The power of heuristics lies in their ability to determine expected values for an application given the day of the week, time of day, and other factors, to produce a value that is meaningful for your applications. By setting alerts based on heuristics rather than fixed threshold values you supply, you allow APM to do the work of determining when an application is in trouble for you, since, what is acceptable on a Sunday afternoon for your application, may not be acceptable on Thursday at 9:00am. The APM baseliner is smart enough to know the difference, and over time, it accumulates enough data to make accurate determinations about what is and is not expected behavior for your applications.

You have the option to turn off Heuristics

The Application Heuristics section of IntroscopeEnterpriseManager.properties contains the following property:

introscope.enterprisemanager.application.overview.baselines

To improve Enterprise Manager performance, you can turn off heuristics by setting this property to false.

If you do this, however, the Enterprise Manager will turn off its assessment of JVM, application, and backend health. It also turns off the baseliner, which means that metrics in the Workstation will be inactive and report no values. The metrics will appear gray unless the configuration is set back to true, at which point they will be active again. Heuristics make limited and short-term demands on the disk subsystem while providing many Alerting benefits, so, the decision to turn off Heuristics should be made with this in mind.

Each heuristic has a set of baselines that it uses to determine what normal behavior is for the following Key Performance Indicators:

Frontends and Backends:

  • Response time

  • Errors

  • Stalls

JVM and App Server:

  • CPU (only when the platform monitor is available)

  • Number of pending requests (WebLogic only)

  • Number of available JDBC connections

  • Number of reporting agents (cluster agent only (teaser))

APM baselining is based on the Holt's Linear Exponential Smoothing algorithm.

For every timeslice, the baseliner tries to predict what the value and the expected deviation for a metric should be. It then compares the actual value to the prediction.

  • If the actual is more than 2 expected deviations from normal, we call it abnormal.

  • If the actual is more than 4 expected deviations from normal, we call it very abnormal.

In the first minute of a baseliner's life, it will show green, but it is actually learning. Baselines start predicting normal almost immediately, and become smarter over time. Recent data is weighted more heavily than older data. This means that if an application's performance gets better, the baseliner learns the new response times in a reasonable timeframe.

When enough data has been collected (normally a day), the Application Overview will compare the expected value and expected deviations in the current 30 minute period to the values in the same 30 minute period in previous days. When more than a week of data is collected, the Application Overview compares the expected value and expected deviation in the current 30 minute period to the same 30 minute period in previous weeks. Weekdays are compared against weekdays, and weekends are compared against weekends.

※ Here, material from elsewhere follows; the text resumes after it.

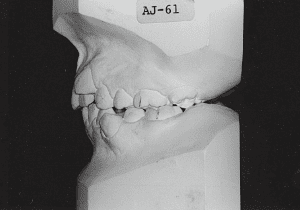 Case photo, side view, left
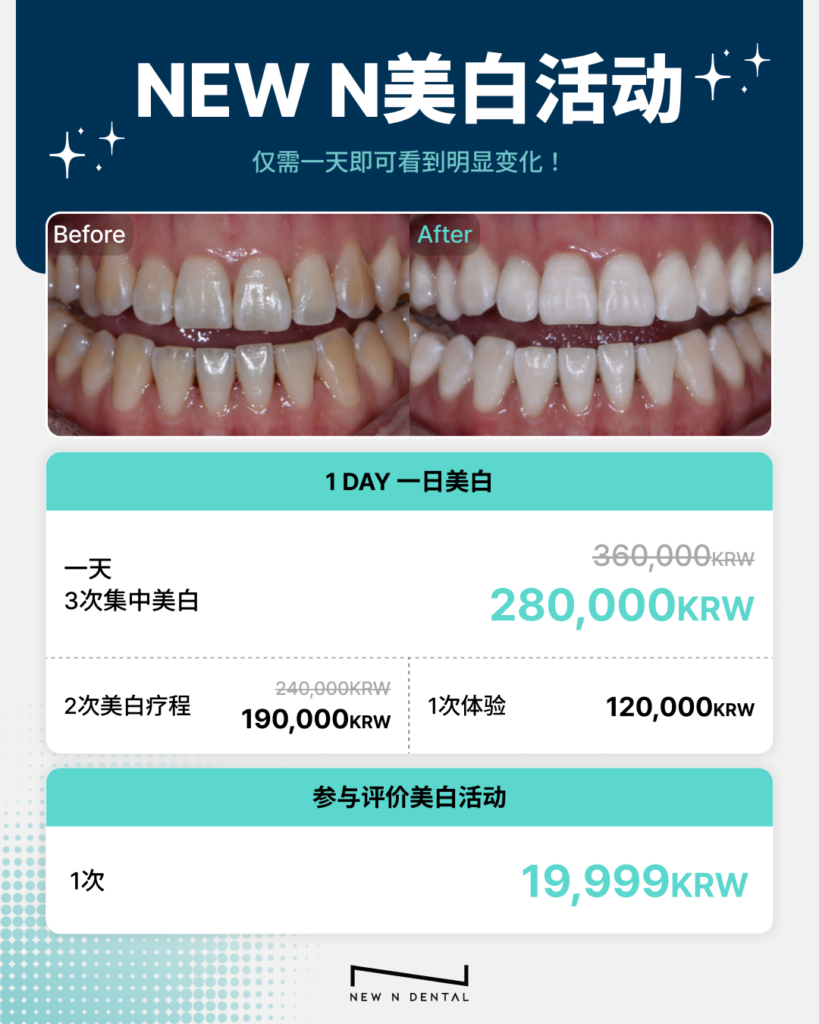 日牙齿美白活动价格指南 • Dental Clinic for English Speakers in Korea • KOREA NEW N DENTAL CLINIC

Each heuristic outputs its current state (green, yellow, red) as a metric under the Heuristics node in the Frontends section of the Investigator Metric Tree.

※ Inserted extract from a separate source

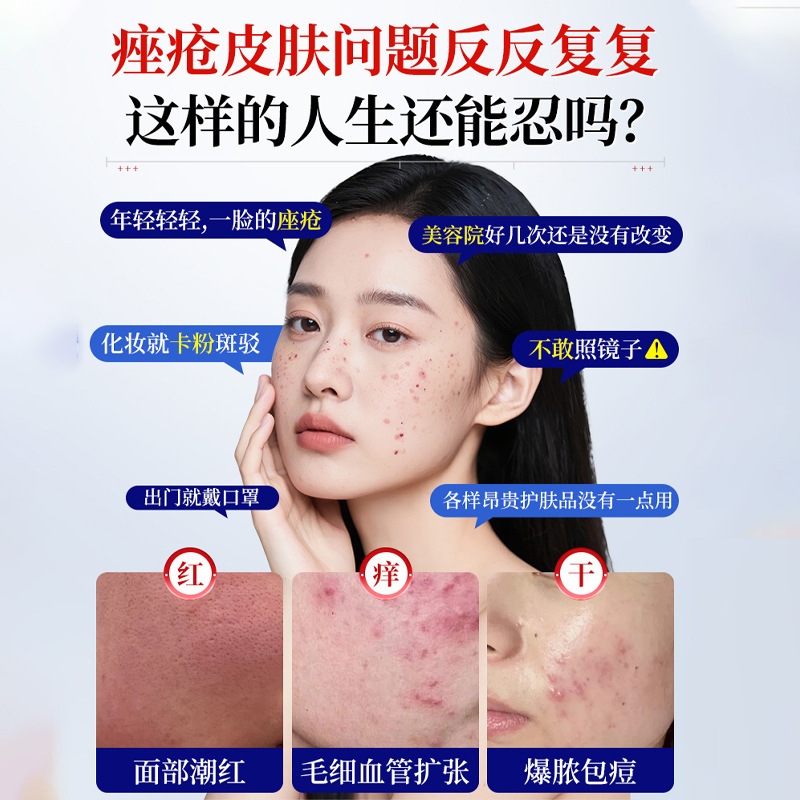 岩井昃弘酒糟鼻草莓鼻去红鼻子黑头收缩毛孔专用修护鼻头红血丝膏|undefined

APM CE (CEM) calculates a defect specification baseline based on 28 days of historical data for behavioral defects. Once 28 days of data have been collected for defects, you have the option of changing the defect specification by resetting the baseline. For example, the slow time defect specification has a default value of 5 seconds. If you gather actual transaction data, then set the baseline for the slow time defect, it will change from the default of 5 seconds, to the suggested defect specification value (say 7.2 seconds).